**Assignment:**
The required output is the exact run of lines below that opens at the line with "B&S 3143 Challenger" and closes at the line with "1992 bmw 740i".

##### Extracted material #####

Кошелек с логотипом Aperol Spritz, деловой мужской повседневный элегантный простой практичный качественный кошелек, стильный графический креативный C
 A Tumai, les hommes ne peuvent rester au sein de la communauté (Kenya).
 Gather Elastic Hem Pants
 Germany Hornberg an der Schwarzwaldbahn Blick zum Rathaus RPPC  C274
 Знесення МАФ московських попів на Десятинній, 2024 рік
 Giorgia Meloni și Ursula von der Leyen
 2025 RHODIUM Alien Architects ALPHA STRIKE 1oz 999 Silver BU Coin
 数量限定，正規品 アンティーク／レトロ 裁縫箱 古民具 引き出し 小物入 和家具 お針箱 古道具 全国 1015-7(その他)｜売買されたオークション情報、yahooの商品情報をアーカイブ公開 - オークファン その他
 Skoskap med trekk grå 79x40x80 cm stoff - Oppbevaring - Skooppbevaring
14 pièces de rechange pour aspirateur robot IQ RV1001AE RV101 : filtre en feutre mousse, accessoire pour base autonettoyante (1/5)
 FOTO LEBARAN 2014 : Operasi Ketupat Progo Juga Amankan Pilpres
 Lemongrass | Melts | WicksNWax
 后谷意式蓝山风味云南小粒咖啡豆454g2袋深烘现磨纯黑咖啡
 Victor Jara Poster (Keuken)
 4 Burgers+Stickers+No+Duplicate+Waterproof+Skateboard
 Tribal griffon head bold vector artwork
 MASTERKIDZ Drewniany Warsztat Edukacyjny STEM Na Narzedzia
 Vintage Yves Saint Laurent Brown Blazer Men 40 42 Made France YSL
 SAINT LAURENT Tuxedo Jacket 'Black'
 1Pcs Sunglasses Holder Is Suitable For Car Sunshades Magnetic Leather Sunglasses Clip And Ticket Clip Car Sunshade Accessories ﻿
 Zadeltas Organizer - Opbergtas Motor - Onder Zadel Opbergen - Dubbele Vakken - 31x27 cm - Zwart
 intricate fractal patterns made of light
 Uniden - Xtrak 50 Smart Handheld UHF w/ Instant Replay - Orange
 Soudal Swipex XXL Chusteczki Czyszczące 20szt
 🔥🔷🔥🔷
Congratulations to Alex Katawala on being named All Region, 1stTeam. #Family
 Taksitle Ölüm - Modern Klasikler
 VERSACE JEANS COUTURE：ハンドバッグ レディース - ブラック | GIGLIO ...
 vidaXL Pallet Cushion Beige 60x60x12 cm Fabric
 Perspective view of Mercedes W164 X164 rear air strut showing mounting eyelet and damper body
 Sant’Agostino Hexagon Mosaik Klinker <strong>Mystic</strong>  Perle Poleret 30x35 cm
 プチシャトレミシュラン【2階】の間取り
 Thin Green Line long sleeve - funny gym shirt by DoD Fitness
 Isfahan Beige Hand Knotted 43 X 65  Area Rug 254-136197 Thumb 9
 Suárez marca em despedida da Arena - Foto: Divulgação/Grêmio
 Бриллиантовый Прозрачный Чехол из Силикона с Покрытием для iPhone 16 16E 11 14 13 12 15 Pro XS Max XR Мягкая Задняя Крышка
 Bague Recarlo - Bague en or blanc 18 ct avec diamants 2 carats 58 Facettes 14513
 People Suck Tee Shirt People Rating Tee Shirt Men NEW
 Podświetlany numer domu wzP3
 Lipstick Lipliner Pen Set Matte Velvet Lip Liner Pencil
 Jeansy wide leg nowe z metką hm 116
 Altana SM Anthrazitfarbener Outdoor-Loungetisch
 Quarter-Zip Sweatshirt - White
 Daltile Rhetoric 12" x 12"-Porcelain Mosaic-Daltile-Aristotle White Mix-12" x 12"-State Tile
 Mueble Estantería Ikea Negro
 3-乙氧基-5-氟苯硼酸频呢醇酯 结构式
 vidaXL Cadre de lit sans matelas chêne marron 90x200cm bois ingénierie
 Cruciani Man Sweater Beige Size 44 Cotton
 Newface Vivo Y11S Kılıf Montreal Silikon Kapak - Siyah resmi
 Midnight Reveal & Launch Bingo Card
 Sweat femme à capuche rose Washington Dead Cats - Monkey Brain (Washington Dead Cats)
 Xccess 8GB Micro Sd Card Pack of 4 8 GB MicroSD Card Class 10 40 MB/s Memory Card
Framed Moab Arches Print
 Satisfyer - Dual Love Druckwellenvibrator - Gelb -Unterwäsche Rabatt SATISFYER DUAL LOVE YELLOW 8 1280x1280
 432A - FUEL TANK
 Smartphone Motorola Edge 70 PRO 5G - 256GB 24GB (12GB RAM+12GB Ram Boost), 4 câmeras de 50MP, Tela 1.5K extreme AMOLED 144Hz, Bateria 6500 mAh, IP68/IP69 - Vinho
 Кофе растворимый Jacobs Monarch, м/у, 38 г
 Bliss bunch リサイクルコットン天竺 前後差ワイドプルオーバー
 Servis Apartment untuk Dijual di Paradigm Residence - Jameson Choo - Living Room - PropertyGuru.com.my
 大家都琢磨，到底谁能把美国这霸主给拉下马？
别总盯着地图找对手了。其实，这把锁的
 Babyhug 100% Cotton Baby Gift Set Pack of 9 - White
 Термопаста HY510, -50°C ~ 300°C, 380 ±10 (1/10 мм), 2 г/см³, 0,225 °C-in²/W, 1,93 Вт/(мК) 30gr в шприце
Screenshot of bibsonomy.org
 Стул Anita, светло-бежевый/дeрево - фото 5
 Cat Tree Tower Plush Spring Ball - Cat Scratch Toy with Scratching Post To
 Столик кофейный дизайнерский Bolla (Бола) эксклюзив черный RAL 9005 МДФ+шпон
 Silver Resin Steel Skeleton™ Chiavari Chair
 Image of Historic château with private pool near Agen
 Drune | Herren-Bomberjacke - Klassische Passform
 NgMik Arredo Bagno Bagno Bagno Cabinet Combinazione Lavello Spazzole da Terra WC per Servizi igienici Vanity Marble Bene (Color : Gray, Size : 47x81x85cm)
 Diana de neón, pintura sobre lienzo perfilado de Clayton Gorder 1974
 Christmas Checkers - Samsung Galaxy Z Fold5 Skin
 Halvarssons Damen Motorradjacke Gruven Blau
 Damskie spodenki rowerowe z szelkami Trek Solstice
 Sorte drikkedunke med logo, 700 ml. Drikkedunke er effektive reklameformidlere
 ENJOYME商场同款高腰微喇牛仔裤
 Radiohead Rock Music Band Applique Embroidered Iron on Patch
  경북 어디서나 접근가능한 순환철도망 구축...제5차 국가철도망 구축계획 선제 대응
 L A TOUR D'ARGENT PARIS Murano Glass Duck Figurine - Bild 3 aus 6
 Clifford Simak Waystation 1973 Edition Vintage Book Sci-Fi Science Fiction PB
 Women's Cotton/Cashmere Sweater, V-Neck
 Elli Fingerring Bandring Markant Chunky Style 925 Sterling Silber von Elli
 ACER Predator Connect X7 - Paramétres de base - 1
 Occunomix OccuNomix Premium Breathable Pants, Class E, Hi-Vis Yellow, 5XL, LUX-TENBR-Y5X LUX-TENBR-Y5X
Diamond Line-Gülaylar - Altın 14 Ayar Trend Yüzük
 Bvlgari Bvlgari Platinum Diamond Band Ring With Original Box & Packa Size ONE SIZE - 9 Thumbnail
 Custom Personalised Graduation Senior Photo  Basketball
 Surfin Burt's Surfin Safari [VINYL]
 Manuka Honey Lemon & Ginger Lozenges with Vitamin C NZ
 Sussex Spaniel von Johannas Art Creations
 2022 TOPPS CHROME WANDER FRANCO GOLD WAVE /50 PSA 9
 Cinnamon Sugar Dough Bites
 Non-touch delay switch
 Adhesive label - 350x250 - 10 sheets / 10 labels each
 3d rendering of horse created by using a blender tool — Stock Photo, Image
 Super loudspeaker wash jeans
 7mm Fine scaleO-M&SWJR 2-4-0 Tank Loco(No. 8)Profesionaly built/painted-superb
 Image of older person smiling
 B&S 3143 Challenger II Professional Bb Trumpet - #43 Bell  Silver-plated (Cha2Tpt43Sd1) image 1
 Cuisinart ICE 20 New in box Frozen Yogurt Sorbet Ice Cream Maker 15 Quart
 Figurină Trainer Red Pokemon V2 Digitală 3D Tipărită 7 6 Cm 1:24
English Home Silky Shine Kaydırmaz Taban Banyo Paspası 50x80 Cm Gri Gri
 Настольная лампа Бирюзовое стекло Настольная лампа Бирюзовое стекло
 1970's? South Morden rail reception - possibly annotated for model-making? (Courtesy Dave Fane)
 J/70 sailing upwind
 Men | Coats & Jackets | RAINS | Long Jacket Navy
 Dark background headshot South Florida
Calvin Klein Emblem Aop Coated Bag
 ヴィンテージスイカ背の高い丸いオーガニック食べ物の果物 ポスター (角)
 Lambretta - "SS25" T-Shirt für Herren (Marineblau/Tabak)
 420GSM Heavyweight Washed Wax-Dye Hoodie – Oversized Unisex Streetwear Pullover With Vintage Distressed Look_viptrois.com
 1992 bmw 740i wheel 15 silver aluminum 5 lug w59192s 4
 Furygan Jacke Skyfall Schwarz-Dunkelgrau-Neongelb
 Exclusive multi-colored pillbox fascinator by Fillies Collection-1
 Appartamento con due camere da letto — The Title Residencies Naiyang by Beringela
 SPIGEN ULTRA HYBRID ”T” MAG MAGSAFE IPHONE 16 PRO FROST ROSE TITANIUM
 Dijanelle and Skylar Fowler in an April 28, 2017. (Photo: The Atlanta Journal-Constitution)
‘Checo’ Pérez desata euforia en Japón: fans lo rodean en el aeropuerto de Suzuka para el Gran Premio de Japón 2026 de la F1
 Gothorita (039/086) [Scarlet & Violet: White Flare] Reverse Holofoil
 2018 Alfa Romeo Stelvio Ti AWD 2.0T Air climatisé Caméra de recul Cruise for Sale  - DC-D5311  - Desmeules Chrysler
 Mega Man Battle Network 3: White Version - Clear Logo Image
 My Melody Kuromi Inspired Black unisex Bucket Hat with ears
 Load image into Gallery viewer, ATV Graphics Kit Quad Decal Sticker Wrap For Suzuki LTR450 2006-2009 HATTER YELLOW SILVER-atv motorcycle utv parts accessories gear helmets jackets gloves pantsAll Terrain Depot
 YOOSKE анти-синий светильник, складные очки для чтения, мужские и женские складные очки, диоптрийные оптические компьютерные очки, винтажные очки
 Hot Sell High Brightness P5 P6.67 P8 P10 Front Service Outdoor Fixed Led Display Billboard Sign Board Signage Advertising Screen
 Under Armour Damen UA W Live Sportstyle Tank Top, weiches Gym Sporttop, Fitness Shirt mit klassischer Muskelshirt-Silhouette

#####

**Reply:**
 B&S 3143 Challenger II Professional Bb Trumpet - #43 Bell  Silver-plated (Cha2Tpt43Sd1) image 1
 Cuisinart ICE 20 New in box Frozen Yogurt Sorbet Ice Cream Maker 15 Quart
 Figurină Trainer Red Pokemon V2 Digitală 3D Tipărită 7 6 Cm 1:24
English Home Silky Shine Kaydırmaz Taban Banyo Paspası 50x80 Cm Gri Gri
 Настольная лампа Бирюзовое стекло Настольная лампа Бирюзовое стекло
 1970's? South Morden rail reception - possibly annotated for model-making? (Courtesy Dave Fane)
 J/70 sailing upwind
 Men | Coats & Jackets | RAINS | Long Jacket Navy
 Dark background headshot South Florida
Calvin Klein Emblem Aop Coated Bag
 ヴィンテージスイカ背の高い丸いオーガニック食べ物の果物 ポスター (角)
 Lambretta - "SS25" T-Shirt für Herren (Marineblau/Tabak)
 420GSM Heavyweight Washed Wax-Dye Hoodie – Oversized Unisex Streetwear Pullover With Vintage Distressed Look_viptrois.com
 1992 bmw 740i wheel 15 silver aluminum 5 lug w59192s 4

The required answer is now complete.